74.   Deze beide standpunten lijken mij een treffende en nuttige verduidelijking van de vaststelling van het Hof in zijn arrest dat „een lidstaat [op basis van artikel 17, lid 7] tijdelijke maatregelen [mag vaststellen] om het hoofd te bieden aan een conjuncturele situatie waarin zijn economie zich op een gegeven ogenblik bevindt. De toepassing van de in deze bepaling bedoelde maatregelen moet dus beperkt zijn in de tijd en die maatregelen mogen per definitie niet van structurele aard zijn.”(28) De genoemde criteria kunnen door een nationale rechter worden gebruikt bij zijn beoordeling van de vraag of een maatregel aan de materiële vereisten voor rechtvaardiging op basis van artikel 17, lid 7, voldoet, zelfs wanneer niet precies kan worden gezegd hoe lang in dit verband „beperkt in de tijd” duurt.

75.   Ik voeg hieraan toe dat een bepaalde mate van schommeling binnen een economische trend normaal is. De auteurs van artikel 17, lid 7, kunnen mijns inziens niet hebben bedoeld dat dit normale verschijnsel ertoe leidt dat een lidstaat mag afwijken van het basisrecht van een belastingplichtige om in overeenstemming met artikel 17, lid 2, van de Zesde richtlijn voorbelasting af te trekken. Volgens mij heeft artikel 17, lid 7 – dat in elk geval restrictief moet worden uitgelegd(29) – eerder betrekking op een ernstiger en aanzienlijker afwijking van de trend, hetgeen een gerechtvaardigde aanleiding zou vormen voor de vaststelling van maatregelen om verslechtering van de conjunctuur te verhinderen.

76.   Ik ben dan ook van oordeel dat artikel 17, lid 7, van de Zesde richtlijn aldus moet worden uitgelegd dat het enkel tijdelijke maatregelen met het oog op kortstondige economische omstandigheden toestaat. Een maatregel die van kracht blijft voor een langere periode dan de duur van die omstandigheden, zonder een inhoudelijke wijziging waarmee wordt gereageerd op een veranderde economische toestand, kan volgens deze bepaling niet worden toegestaan.

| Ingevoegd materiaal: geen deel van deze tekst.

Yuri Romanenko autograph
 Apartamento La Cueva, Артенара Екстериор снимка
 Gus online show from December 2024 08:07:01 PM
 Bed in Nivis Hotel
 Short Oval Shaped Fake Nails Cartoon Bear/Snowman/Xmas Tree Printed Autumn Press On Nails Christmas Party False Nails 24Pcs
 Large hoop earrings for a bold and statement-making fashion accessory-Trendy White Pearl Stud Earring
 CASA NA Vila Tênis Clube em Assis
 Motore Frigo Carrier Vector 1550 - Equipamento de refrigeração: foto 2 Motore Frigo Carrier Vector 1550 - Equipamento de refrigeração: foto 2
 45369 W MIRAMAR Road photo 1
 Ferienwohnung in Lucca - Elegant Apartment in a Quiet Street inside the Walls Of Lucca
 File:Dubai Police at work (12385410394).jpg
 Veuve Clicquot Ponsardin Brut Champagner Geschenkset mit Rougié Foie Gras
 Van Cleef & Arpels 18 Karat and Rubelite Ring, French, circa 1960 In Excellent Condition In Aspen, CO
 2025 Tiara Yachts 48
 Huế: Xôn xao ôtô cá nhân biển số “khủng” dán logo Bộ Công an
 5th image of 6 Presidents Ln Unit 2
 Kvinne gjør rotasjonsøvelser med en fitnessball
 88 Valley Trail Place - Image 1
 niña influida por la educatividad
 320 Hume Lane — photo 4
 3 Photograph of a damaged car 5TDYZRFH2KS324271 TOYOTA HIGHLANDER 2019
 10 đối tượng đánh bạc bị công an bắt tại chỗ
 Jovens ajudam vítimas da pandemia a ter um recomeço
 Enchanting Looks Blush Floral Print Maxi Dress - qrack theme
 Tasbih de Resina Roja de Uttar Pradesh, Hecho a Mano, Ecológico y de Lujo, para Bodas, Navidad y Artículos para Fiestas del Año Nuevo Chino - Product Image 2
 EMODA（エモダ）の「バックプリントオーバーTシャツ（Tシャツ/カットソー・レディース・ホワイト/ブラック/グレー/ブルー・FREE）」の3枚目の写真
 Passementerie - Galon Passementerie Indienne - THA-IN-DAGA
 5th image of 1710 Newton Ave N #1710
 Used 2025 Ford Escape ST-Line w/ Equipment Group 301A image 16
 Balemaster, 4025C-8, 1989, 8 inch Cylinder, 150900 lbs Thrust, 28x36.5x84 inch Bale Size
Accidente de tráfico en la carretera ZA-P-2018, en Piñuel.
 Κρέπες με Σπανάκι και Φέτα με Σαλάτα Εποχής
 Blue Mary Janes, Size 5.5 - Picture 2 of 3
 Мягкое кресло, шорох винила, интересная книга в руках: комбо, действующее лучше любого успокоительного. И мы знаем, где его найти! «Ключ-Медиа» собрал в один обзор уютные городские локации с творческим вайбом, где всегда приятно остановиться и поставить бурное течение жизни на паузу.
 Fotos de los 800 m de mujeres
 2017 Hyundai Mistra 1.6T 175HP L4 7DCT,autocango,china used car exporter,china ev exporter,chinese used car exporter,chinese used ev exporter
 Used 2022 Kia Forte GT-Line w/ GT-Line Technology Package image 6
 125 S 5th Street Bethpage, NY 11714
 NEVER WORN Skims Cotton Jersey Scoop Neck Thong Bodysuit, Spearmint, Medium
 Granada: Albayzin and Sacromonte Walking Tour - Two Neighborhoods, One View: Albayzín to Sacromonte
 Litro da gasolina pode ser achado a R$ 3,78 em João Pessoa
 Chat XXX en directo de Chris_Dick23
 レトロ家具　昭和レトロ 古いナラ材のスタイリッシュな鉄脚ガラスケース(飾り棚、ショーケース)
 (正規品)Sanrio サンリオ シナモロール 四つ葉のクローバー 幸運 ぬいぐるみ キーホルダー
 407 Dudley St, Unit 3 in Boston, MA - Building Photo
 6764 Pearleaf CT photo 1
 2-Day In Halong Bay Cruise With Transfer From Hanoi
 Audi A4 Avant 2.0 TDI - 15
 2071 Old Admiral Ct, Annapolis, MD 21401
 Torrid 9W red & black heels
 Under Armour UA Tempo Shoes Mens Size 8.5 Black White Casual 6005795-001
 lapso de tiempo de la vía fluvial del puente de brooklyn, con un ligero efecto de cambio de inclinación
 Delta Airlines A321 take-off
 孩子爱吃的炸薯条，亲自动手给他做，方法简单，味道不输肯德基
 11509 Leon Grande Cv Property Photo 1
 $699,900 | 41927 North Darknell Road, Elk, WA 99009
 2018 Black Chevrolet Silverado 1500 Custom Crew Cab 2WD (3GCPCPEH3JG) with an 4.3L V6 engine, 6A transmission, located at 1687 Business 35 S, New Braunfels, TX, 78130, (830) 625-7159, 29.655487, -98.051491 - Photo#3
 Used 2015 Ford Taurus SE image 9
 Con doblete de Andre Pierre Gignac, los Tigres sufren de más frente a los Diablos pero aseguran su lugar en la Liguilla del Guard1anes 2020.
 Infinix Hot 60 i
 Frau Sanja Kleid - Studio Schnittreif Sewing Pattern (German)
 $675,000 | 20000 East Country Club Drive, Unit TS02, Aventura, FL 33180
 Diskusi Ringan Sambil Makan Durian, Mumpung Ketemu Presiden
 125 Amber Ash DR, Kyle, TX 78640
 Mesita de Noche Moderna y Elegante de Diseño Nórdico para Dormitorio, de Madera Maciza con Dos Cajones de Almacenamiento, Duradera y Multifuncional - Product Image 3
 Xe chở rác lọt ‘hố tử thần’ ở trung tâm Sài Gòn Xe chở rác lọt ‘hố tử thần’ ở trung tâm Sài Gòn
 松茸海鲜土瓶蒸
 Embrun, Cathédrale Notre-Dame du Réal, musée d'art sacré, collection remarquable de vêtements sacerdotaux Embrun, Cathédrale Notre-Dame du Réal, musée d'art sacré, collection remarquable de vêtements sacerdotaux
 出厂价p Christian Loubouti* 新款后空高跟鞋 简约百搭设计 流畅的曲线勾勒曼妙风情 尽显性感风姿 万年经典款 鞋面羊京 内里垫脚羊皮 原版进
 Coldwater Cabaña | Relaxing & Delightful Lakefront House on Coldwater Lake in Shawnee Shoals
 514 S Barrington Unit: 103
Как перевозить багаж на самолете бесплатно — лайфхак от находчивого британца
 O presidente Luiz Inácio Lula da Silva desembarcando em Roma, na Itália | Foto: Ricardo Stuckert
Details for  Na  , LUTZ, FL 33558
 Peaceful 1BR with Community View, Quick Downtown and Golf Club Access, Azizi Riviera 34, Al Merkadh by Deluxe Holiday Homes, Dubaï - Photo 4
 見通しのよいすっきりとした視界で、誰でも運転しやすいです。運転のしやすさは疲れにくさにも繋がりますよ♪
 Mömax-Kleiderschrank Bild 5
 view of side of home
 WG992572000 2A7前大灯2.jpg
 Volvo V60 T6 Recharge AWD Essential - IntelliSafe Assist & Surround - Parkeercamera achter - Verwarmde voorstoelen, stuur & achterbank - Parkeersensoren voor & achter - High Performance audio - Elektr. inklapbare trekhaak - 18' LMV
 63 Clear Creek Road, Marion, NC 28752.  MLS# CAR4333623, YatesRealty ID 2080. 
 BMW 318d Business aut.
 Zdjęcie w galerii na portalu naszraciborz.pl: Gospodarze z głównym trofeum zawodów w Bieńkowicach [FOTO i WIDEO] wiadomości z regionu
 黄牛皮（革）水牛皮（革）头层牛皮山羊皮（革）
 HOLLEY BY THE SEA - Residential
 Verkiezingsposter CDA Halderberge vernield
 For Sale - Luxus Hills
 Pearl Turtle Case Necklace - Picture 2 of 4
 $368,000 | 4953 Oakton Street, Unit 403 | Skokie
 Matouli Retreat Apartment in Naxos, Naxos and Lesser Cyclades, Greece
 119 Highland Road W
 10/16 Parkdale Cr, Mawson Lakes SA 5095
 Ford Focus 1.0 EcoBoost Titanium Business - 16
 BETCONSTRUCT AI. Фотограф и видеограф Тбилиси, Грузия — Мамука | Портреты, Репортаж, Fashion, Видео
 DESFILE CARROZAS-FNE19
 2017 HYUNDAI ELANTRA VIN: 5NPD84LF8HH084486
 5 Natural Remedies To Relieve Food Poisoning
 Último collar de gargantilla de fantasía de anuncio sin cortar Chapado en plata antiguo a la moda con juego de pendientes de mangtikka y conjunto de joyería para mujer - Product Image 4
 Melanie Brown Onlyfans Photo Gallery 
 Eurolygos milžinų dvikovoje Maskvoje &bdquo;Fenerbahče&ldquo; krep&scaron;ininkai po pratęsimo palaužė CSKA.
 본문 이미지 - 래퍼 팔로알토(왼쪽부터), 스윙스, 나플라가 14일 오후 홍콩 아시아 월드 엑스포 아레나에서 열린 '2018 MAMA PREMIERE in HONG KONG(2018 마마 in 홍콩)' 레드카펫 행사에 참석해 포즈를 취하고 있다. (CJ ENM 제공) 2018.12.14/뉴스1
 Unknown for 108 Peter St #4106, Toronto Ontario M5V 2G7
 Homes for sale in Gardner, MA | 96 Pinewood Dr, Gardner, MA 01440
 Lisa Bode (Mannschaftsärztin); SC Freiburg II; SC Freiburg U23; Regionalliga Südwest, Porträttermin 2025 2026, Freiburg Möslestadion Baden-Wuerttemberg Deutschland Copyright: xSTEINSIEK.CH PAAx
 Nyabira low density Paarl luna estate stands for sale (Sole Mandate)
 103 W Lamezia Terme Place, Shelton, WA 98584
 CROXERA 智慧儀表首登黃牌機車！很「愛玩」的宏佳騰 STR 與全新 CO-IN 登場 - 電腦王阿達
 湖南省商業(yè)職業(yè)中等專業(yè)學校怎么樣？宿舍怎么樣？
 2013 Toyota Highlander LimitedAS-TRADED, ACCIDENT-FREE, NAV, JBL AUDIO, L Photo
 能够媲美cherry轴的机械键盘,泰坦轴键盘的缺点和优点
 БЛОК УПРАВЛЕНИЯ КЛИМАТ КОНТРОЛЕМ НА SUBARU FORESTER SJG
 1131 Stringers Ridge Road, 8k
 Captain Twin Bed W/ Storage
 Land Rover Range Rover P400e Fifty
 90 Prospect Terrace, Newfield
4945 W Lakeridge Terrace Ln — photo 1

 Rechtsgevolgen van de niet-inachtneming van de vereisten – vragen 1 c en 2

77.   De nationale rechter wenst te vernemen of veronachtzaming van de tijdelijke aard van een op artikel 17, lid 7, van de Zesde richtlijn gebaseerde uitsluiting van aftrek de belastingplichtige een recht op aftrek kan verlenen en of artikel 17, lid 2, zich verzet tegen toepassing van de uitsluiting.

78.   Het is het duidelijk dat, wanneer een nationale maatregel die bepaalde goederen uitsluit van het recht op aftrek van voorbelasting niet geldig, dat wil zeggen in overeenstemming met de vereisten van de Zesde richtlijn, is vastgesteld, de daarin vervatte regels niet kunnen worden toegepast. Welke regels moeten in plaats daarvan dan wel worden toegepast?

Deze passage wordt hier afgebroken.